Latvia has reached a milestone in its annual ranking in the Corruption Perceptions Index (CPI) prepared by the anti-graft organization Transparency International, but has a long way to go if it wants to catch up with its neighbor to the north.
CPI data released Sept. 23 in Berlin show Latvia’s overall ranking has dropped, but its index score has improved. Out of 180 countries in the 2008 survey, Latvia ranks 52nd, slipping from its ranking of 51st last year.
But the 2008 index score of 5.0 means that Latvia for the first time is not viewed as having a serious problem with corruption. Last year, Latvia had a score of 4.8.
The index uses a combination of 13 research surveys to measure perception of public sector corruption. Nations are given a score from zero, meaning the country is viewed as highly corrupt, to 10, signifying highly clean.
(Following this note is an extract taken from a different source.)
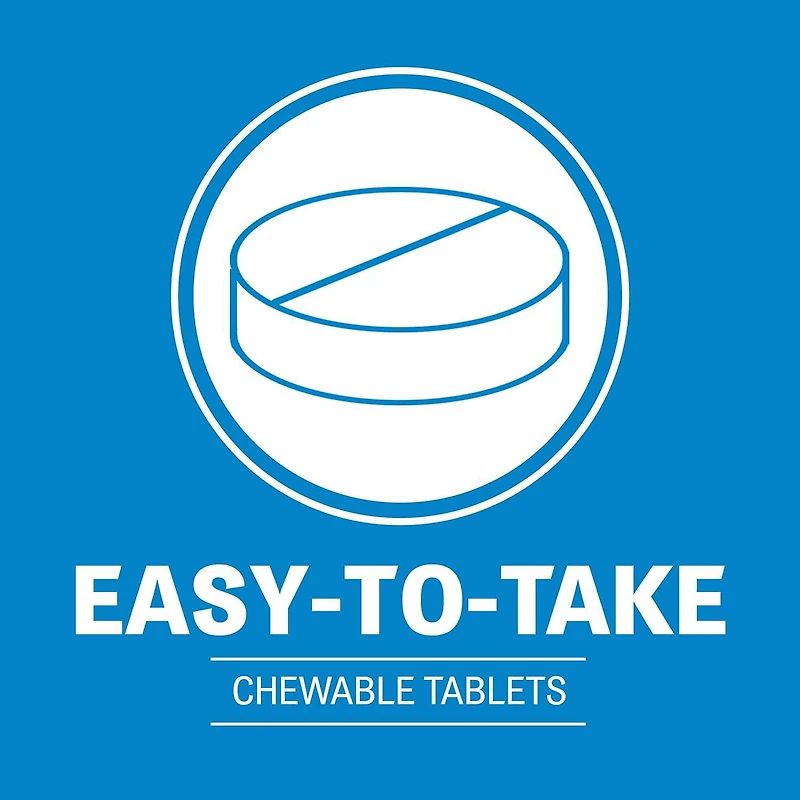 Junior Strength Advil Pain Reliever and Fever Reducer Ibuprofen Chewable Tablets, Grape, 40 Count, 40 count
Countries that score below five are considered to have a serious corruption problem in the public sector.
Ten years ago, Latvia ranked 71st in the CPI with a score of 2.7, sharing its spot with Pakistan.
Latvia’s northern neighbor, Estonia, ranks 27th in the 2008 index with a score of 6.6, while Lithuania ranks 58th with a score of 4.6.
Topping the 2008 rankings are Denmark, Sweden and New Zealand, each with a score of 9.3. The United States is 18th with a score of 7.3, putting it on par with Japan and Belgium. Russia, with a score of 2.1, ranks 147th and is placed alongside Syria, Bangladesh and Kenya.